Friday 11:00PM I have been digging deeper and deeper into the net on how to make this work. I have found multiple examples on how mpld3 and maplotlib are compatible and offer the feature I want when used together. As a matter of fact, you can use only matplotlib to create a matplotlib object that shows an image as you hover a point. That’s great but since I want to embed the scatter plot on my webpage, I need to save the matplotlib figure as an html file.
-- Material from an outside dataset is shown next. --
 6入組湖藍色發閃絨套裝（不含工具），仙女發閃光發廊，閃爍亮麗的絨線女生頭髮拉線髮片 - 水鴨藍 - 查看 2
It turns out that when you save an matplotlib figure as html it loses some of it’s functionalities. Because of that, I looked into plotly the obvious choice to make interactive figures; however, plotly does not innately allows you to have images pop out as you hover over a point. This is a feature that has been requested since 2016 but remains to be added.

 

Friday 11:55PM: Well that took much longer than I expected but here we go. Go hover your mouse over a point in the figure above to see a cool trick. To make this graph, I had to do a bunch of maneuvers. The main packages that I used are pandas, seaborn, matplotlib, and mpld3. Making seaborn and mpld3 to work correctly was a bit of a challenge. This is the line that did the trick for me:

1
`plugins.connect(fig, mpld3.plugins.PointHTMLTooltip(ax.get_children()[0], labels))`

 

I will just paste the Python source code here and you can figure out the rest.

  1
  2
  3
  4
  5
  6
  7
  8
  9
 10
 11
 12
 13
 14
 15
 16
 17
 18
 19
 20
 21
 22
 23
 24
 25
 26
 27
 28
 29
 30
 31
 32
 33
 34
 35
 36
 37
 38
 39
 40
 41
 42
 43
 44
 45
 46
 47
 48
 49
 50
 51
 52
 53
 54
 55
 56
 57
 58
 59
 60
 61
 62
 63
 64
 65
 66
 67
 68
 69
 70
 71
 72
 73
 74
 75
 76
 77
 78
 79
 80
 81
 82
 83
 84
 85
 86
 87
 88
 89
 90
 91
 92
 93
 94
 95
 96
 97
 98
 99
100
101
102
103
104
105
106
107
108
109
110
111
112
113
114
115
116
117
118
119
120
121
122
123
124
125
126
127
128
129
130
131
132
133
134
135
136
137
138
139
140
141
142
143
144
145
146
147
148
149
150
###############################################################################
#                          1. Importing Libraries                             #
###############################################################################
import pandas as pd
import numpy as np
import seaborn as sns
from matplotlib import pyplot as plt
from mpld3 import fig_to_html, plugins
import mpld3

import io
import requests


###############################################################################
#                             2. Helper Functions                             #
###############################################################################
def reorder_data(data, rank, stage):
    """Sorts the data df based on the rank df"""
    ordered_pokemon = list(rank['Pokemon'].values)
    unordered_pokemon = list(data['name'].values)

    # Find order
    ordered_indices = [unordered_pokemon.index(pokemon) for pokemon in ordered_pokemon]

    # Reoder data
    df = data.reindex(ordered_indices)
    df['rank'] = rank['Rank'].values


    # Get stages
    name = [name.strip() for name in stage['name'].values]
    stage['name'] = name
    keep = [line in ordered_pokemon for line in stage['name']]
    stage = stage[keep]
    stage = stage.drop_duplicates()
    stage = stage.reset_index(drop = True)
    unordered_pokemon_stage = list(stage['name'].values)

    # Get stages sorted
    # Find order
    ordered_indices = [unordered_pokemon_stage.index(pokemon) for pokemon in ordered_pokemon]

    # Reset index
    stage = stage.reindex(ordered_indices)

    # Add stage
    df['stage'] = stage['stage'].values
    return df

def get_labels(pokemons, data):
    "connects labels to images"
    temp_data = pokemons[['name', 'rank']]
    ordered_pokemon = list(temp_data['name'].values)
    unordered_pokemon = list(data['name'].values)

    # Find order
    ordered_indices = [unordered_pokemon.index(pokemon)+1 for pokemon in ordered_pokemon]

    # Create empty list
    labels = []
    # Create tags
    for ii in ordered_indices:
        raw_path = f"https://raw.githubusercontent.com/frank-ceballos/frank-blog/master/content/posts/04PokemonGraph/images/main_sprites/{ii}.png"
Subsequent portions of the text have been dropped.